Note: Ensure Scrapy is installed and accessible via the specified command.

5. Allowed Domains

Environment Variable: SCRAPER_TOOL_ALLOWED_DOMAINS

Type: List[str]

Default: [] (empty list - no restrictions)

Description: List of allowed domains for scraping. This is a security feature that restricts scraping to specific domains. Empty list means no restrictions.

Format: JSON array string with double quotes

Security Configurations:

  • Restrictive: ["trusted-site.com","api.trusted-site.com"]

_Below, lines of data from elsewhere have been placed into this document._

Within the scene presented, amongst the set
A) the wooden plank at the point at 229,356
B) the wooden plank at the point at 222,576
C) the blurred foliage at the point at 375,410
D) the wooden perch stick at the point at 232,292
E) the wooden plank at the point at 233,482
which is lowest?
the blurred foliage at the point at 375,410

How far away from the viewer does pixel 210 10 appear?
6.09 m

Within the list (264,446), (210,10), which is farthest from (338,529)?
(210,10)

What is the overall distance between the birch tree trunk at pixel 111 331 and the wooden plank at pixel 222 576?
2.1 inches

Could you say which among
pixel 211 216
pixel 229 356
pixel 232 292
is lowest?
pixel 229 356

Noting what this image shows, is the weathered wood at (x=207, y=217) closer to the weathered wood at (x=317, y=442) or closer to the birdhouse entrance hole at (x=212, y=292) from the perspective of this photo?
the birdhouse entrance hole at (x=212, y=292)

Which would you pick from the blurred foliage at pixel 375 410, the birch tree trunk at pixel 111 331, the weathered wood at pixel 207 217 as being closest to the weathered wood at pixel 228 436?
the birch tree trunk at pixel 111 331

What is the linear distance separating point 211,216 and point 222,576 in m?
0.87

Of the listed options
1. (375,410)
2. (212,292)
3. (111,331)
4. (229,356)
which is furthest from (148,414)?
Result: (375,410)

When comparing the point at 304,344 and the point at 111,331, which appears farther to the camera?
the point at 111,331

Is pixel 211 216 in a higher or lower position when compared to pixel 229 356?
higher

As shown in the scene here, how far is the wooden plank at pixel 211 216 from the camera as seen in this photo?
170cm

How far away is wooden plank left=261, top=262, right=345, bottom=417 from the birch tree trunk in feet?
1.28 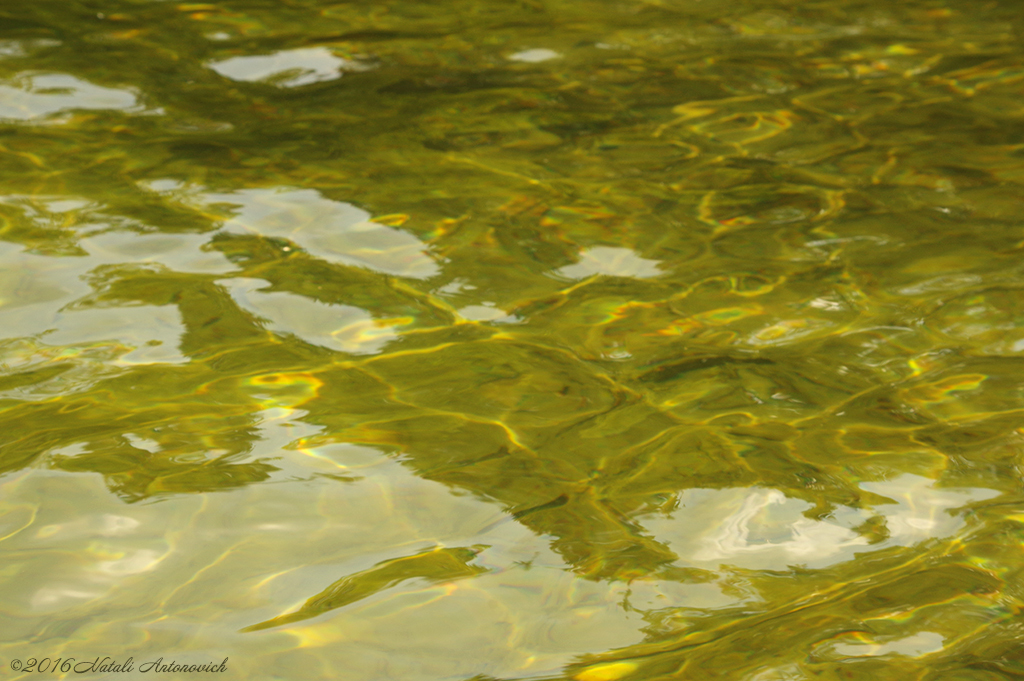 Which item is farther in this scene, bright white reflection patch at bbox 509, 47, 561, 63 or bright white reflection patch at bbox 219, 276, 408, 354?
bright white reflection patch at bbox 509, 47, 561, 63

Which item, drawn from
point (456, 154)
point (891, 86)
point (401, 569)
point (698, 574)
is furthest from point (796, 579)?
point (891, 86)

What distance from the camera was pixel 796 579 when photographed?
1805mm

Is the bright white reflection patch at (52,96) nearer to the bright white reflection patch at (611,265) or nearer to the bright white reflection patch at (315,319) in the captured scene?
the bright white reflection patch at (315,319)

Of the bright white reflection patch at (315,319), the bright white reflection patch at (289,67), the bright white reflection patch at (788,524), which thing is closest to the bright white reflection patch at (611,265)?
the bright white reflection patch at (315,319)

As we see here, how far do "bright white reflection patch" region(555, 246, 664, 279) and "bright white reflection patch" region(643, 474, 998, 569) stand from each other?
3.09 ft

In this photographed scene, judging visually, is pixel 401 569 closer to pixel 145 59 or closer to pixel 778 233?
pixel 778 233

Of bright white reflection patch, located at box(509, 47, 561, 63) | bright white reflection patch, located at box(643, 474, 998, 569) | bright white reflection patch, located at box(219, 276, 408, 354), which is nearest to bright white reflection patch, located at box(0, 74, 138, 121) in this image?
bright white reflection patch, located at box(219, 276, 408, 354)

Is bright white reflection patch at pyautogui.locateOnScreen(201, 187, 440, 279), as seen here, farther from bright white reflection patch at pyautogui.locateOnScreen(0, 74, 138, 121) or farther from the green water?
bright white reflection patch at pyautogui.locateOnScreen(0, 74, 138, 121)

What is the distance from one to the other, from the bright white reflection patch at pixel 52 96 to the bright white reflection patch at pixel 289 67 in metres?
0.49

  • Permissive: [] (no restrictions)

  • API only: ["api.example.com"]

Example:

# Allow only specific domains
export SCRAPER_TOOL_ALLOWED_DOMAINS='["example.com","api.example.com"]'

# No restrictions (development only)
export SCRAPER_TOOL_ALLOWED_DOMAINS='[]'

Security Note: Use restrictive domain lists in production to prevent unauthorized scraping.

6. Blocked Domains

Environment Variable: SCRAPER_TOOL_BLOCKED_DOMAINS

Type: List[str]

Default: [] (empty list - no blocks)

Description: List of blocked domains for scraping. This prevents scraping of known malicious or problematic domains.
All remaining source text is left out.